Pela lente das câmeras, ele percebe a presença do tricampeão que até nas novas gerações que não o viram correr. Alex revela acompanhar com frequência corridas de kart e percebe crianças com capacetes nas cores do ídolo, com maior interesse em conhecer. Ainda assim, ele reconhece que acha difícil ter um “novo Senna”, termo que ficou banalizado em outros esportes, como “novo Pelé”, “novo Jordan” e outros.

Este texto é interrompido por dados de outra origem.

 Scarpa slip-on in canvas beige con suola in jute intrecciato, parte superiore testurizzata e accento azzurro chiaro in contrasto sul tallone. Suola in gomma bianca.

“Nunca ouvi ninguém falar essa expressão, até porque existe muito respeito. Quem se dedica pode chegar lá e ter sucesso, mas acho que não da mesma forma do Ayrton. Para os mais novos, ele não é uma comparação, é uma referência. Quando a gente honra isso, seja uma pintura no capacete, uma homenagem, é como sentimos que ele está vivo”, analisa.
Por falar em homenagens, o fotógrafo lançará uma revista contando toda a carreira do piloto com matérias e retratos de profissionais do mundo inteiro. Ele havia publicado outra em 2019, no aniversário de 25 anos da morte, e visitou o túmulo do automobilista pela primeira vez para deixar um exemplar ao lado. Questionado sobre o que falaria ao ídolo se tivesse a chance, o recado de Alex seria o mesmo que todo brasileiro adorava dizer, e permanece motivo de orgulho mesmo 30 anos depois: "Acelera, Ayrton!".